Task instructions:
Print the lines from the one containing "Trava Tranca Cadeado" through the end of the material below, both included, exactly as they appear and without pictures.
----------------------------------------
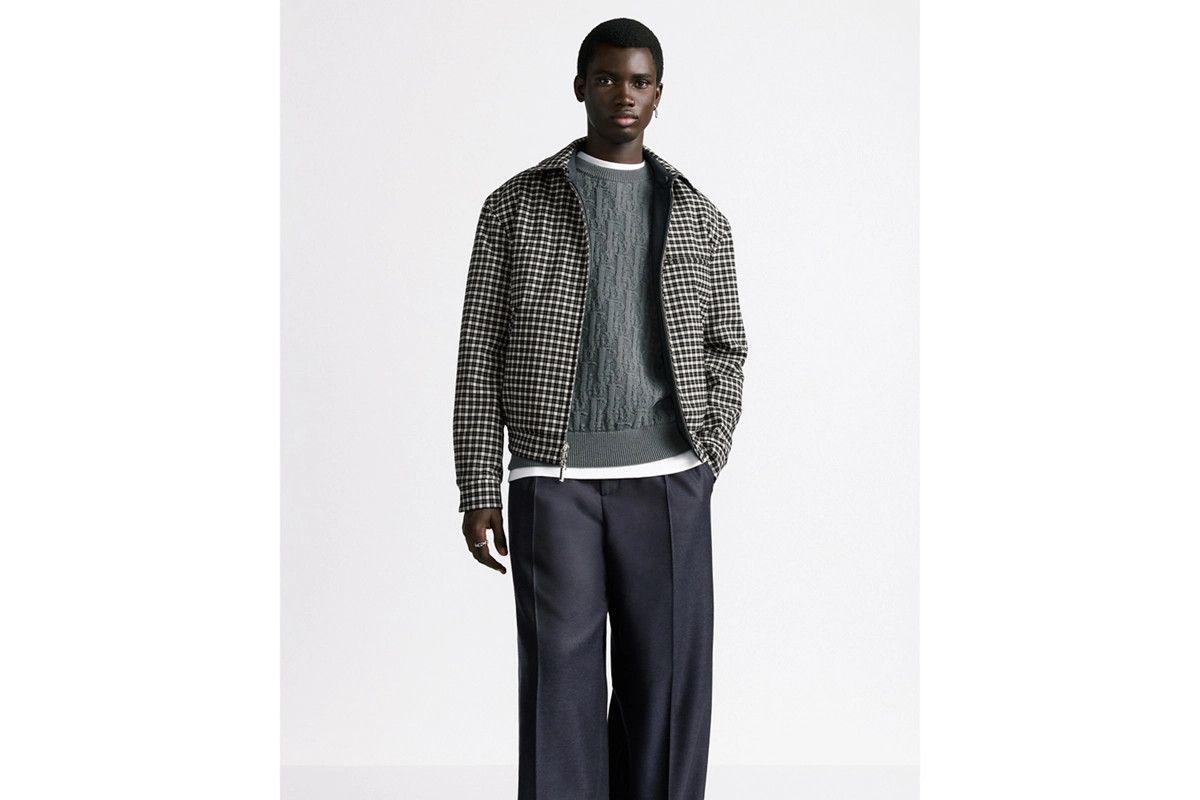 Dior o1bcso1str0326 Reversible Zipped Jacket in Blue Size US XL / EU 56 / 4 - 7 Thumbnail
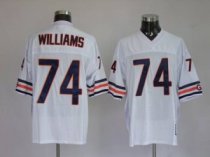 Mitchell and Ness Bears -74 Chris Williams White Stitched Throwback NFL Jersey Mitchell and Ness Bears -74 Chris Williams White Stitched Throwback NFL Jersey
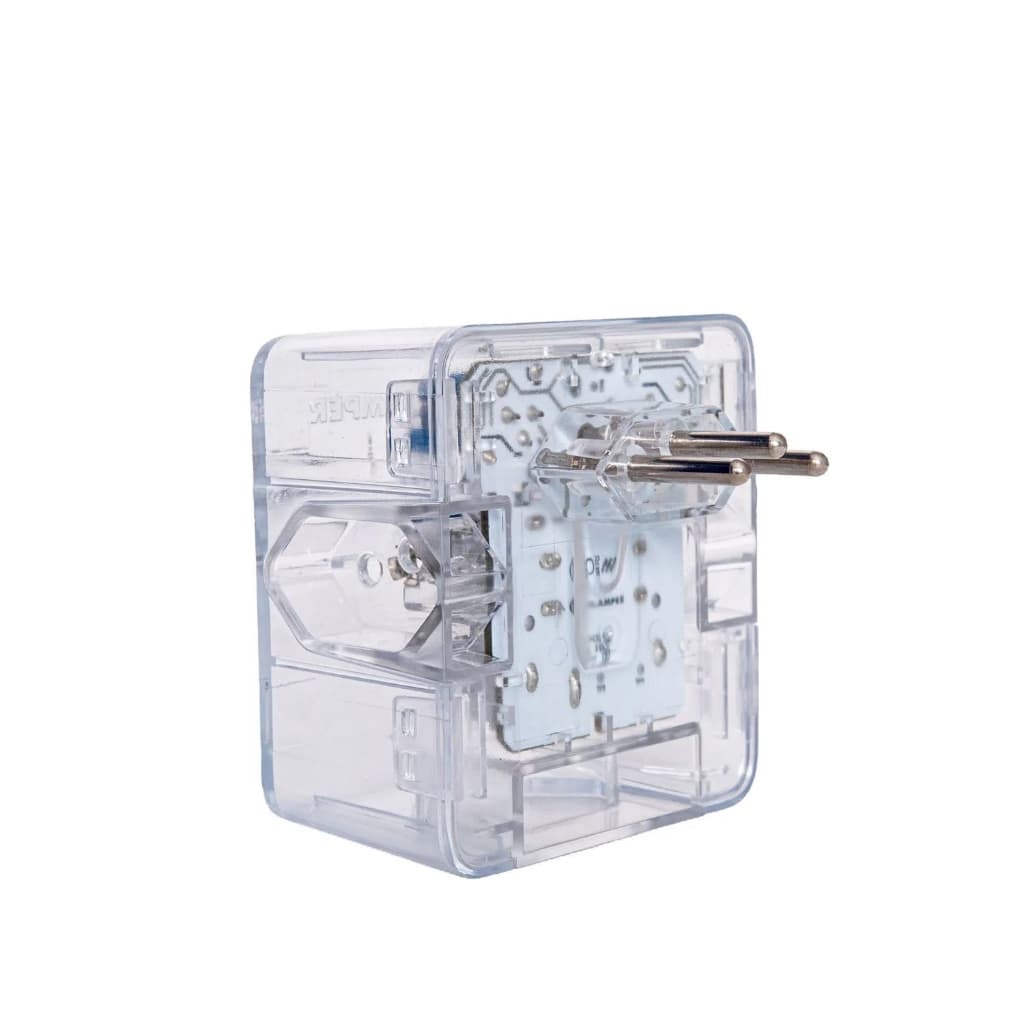 Protetor Clamper Energia 3 Tomadas 3P Protege Contra Surtos e Raios - DPS Bivolt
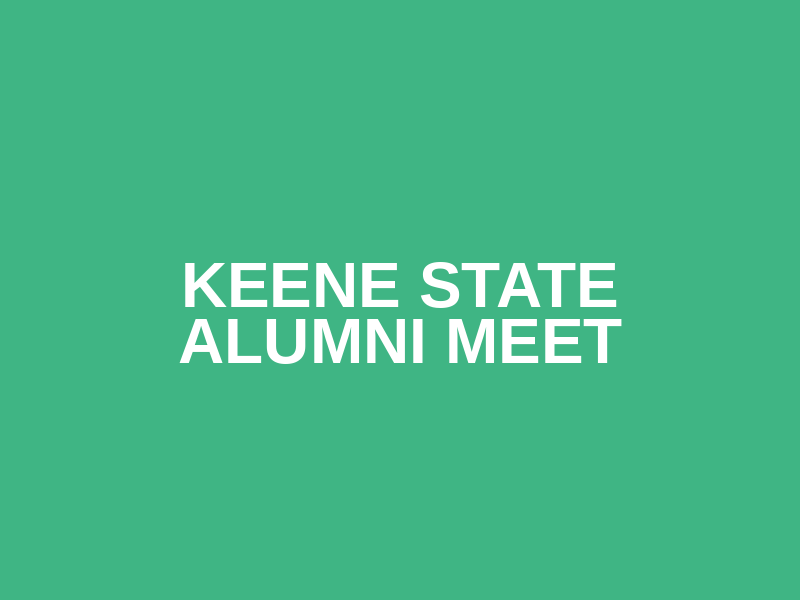 Keene State Alumni Meet Logo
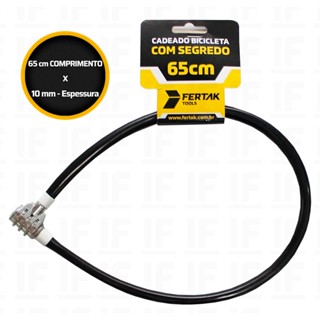 Trava Tranca Cadeado Grosso Bike E Moto Segredo 650x10mm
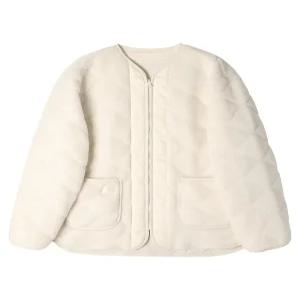 [스타터 블랙라벨]리버서블 플리스 자켓 (오프 화이트) SA234OJP01_OWH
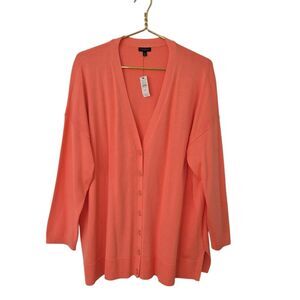 NEW Talbots cardigan womans size 3XP Peach color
----------------------------------------
Output for this task:
 Trava Tranca Cadeado Grosso Bike E Moto Segredo 650x10mm
 [스타터 블랙라벨]리버서블 플리스 자켓 (오프 화이트) SA234OJP01_OWH
 NEW Talbots cardigan womans size 3XP Peach color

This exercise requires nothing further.